**INSTRUCTIONS TO FOLLOW:** Scan the lines below; pull out those with "Fashion".

SUPPLIED MATERIAL Start Marker

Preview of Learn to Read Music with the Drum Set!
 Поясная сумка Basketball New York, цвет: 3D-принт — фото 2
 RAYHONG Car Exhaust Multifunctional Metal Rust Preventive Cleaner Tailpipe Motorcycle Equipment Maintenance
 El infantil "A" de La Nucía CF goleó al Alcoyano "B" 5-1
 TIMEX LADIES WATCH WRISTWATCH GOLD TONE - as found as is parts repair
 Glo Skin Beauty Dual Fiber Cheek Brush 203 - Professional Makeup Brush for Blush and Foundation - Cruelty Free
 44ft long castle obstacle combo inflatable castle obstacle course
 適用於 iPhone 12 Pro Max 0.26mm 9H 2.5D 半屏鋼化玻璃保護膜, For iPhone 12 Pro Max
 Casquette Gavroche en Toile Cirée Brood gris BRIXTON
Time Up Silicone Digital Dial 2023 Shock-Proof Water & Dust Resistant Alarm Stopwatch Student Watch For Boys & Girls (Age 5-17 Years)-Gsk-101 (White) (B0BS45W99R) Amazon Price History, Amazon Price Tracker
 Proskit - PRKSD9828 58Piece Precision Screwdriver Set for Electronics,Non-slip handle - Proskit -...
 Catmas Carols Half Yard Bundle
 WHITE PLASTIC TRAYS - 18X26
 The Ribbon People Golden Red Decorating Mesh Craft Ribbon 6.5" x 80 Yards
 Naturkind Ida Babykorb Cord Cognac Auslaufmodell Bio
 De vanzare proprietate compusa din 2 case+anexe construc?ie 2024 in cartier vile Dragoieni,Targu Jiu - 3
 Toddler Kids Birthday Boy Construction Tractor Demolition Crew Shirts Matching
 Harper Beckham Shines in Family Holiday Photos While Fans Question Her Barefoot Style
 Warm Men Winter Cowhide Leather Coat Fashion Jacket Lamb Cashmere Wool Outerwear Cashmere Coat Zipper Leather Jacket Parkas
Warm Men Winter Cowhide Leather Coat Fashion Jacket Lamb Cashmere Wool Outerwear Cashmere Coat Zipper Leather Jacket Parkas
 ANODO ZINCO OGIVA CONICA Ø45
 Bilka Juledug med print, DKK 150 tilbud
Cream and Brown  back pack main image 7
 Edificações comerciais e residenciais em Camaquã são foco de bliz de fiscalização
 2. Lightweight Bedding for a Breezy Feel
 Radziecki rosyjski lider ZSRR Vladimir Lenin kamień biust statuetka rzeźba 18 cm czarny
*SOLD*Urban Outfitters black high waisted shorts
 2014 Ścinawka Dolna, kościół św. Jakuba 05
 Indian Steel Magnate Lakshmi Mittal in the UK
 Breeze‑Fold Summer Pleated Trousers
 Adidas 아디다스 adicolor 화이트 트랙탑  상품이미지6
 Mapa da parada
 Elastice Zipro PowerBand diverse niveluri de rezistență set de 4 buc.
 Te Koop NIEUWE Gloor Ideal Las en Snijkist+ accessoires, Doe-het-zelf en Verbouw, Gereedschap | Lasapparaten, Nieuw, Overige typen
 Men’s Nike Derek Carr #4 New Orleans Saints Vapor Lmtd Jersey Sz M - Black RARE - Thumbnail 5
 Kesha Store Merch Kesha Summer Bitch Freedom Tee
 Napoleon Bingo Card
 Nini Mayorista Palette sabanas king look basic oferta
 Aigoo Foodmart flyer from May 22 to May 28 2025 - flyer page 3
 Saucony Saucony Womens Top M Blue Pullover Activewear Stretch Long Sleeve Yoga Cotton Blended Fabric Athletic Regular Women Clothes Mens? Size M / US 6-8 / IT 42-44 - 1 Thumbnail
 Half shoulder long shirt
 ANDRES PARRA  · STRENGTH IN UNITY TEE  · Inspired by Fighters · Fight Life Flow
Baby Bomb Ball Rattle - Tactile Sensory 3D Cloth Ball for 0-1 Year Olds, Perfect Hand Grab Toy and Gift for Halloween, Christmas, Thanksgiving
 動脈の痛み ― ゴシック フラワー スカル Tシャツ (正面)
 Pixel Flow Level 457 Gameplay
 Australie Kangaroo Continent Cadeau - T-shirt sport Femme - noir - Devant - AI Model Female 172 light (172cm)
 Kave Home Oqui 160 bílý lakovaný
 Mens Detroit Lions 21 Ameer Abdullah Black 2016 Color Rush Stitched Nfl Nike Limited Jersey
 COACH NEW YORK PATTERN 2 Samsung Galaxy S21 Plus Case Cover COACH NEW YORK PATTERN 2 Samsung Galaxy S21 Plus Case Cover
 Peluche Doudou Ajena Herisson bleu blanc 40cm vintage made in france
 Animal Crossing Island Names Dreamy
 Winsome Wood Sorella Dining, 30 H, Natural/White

SUPPLIED MATERIAL End Marker

**WRITTEN ANSWER:**
 Warm Men Winter Cowhide Leather Coat Fashion Jacket Lamb Cashmere Wool Outerwear Cashmere Coat Zipper Leather Jacket Parkas
Warm Men Winter Cowhide Leather Coat Fashion Jacket Lamb Cashmere Wool Outerwear Cashmere Coat Zipper Leather Jacket Parkas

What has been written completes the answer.